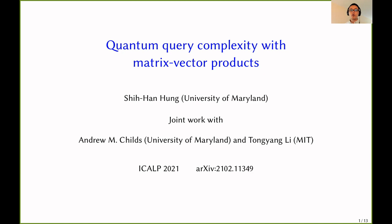Hi, my name is Xu Han Hong. Today I'm going to talk about quantum query complexity with matrix-vector products. This is a joint work with Andrew Childs and Tong Yang Li. In this talk, I'll start with motivations — why we study these problems in these query models — and then I'll talk about previous results and our contributions.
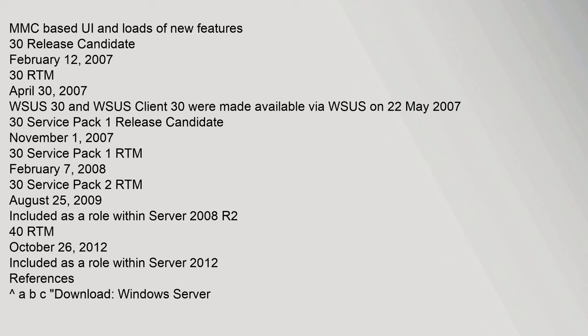MMC-based UI and loads of new features. 30 Release Candidate February 12, 2007. 30 RTM April 30, 2007. WSUS 30 and WSUS client 30 were made available via WSUS on 22 May 2007. 30 Service Pack 1 Release Candidate November 1, 2007. 30 Service Pack 1 RTM August 25, 2009. Included as a role within Server 2008 R2. 40 RTM October 26, 2012. Included as a role within Server 2012.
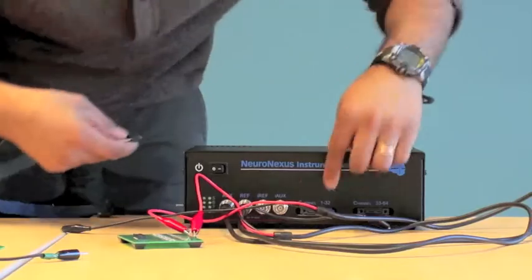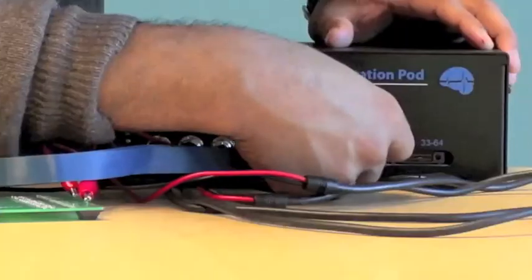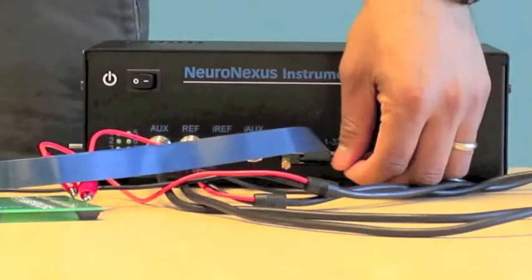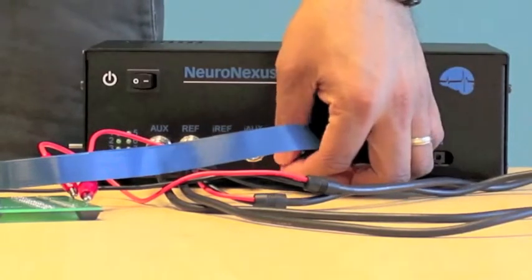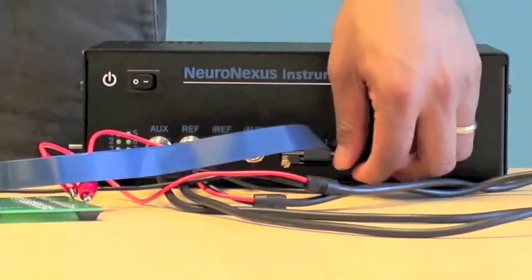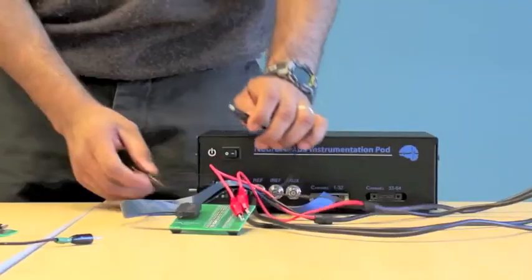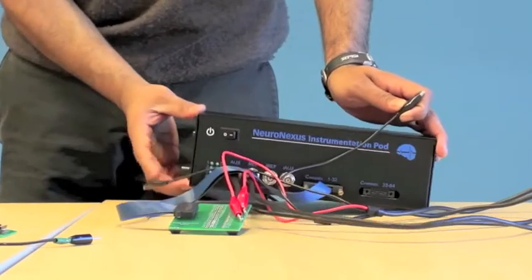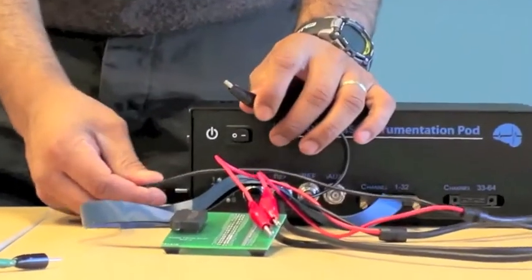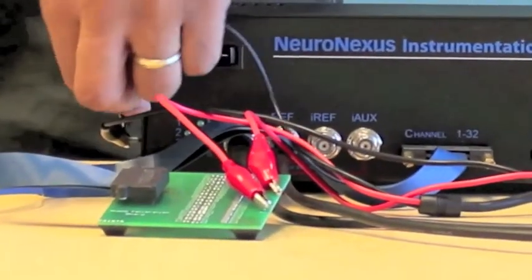Then take the blue cable and since we are only using 32 channels, plug it into the 32 channel slot and tighten. Then clip the black alligator pins to the ground pin located on the side of the Nipod body like this.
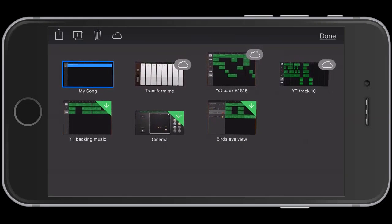And that is pretty much it. It's a very simple process that allows you to get rid of any ringtones that you've created through GarageBand. Thanks for watching — if you have any comments or questions leave those below and have an awesome day.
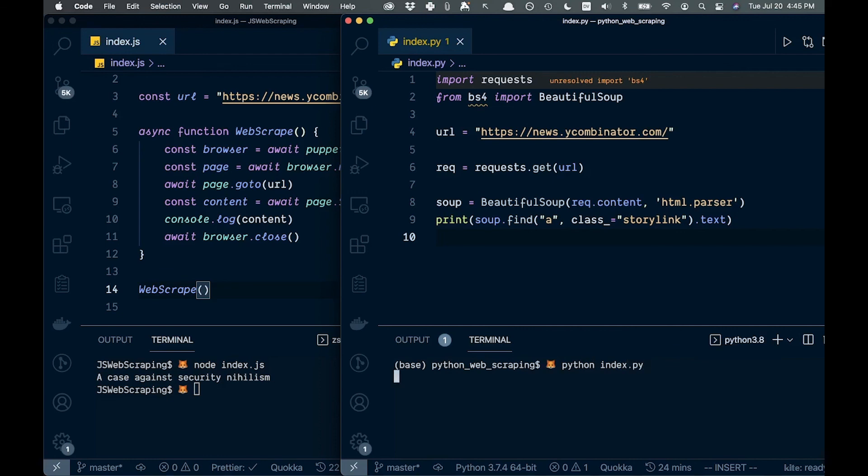Now let's call this. As you can see, we get the same title back.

• _Assignment_
Each line of the material is to be output exactly. Images are not part of the expected output.

• _Result for this task_
Hi, my name is Xu Han Hong. Today I'm going to talk about quantum query complexity with matrix-vector products. This is a joint work with Andrew Childs and Tong Yang Li. In this talk, I'll start with motivations — why we study these problems in these query models — and then I'll talk about previous results and our contributions.
MMC-based UI and loads of new features. 30 Release Candidate February 12, 2007. 30 RTM April 30, 2007. WSUS 30 and WSUS client 30 were made available via WSUS on 22 May 2007. 30 Service Pack 1 Release Candidate November 1, 2007. 30 Service Pack 1 RTM August 25, 2009. Included as a role within Server 2008 R2. 40 RTM October 26, 2012. Included as a role within Server 2012.
Then take the blue cable and since we are only using 32 channels, plug it into the 32 channel slot and tighten. Then clip the black alligator pins to the ground pin located on the side of the Nipod body like this.
And that is pretty much it. It's a very simple process that allows you to get rid of any ringtones that you've created through GarageBand. Thanks for watching — if you have any comments or questions leave those below and have an awesome day.
Now let's call this. As you can see, we get the same title back.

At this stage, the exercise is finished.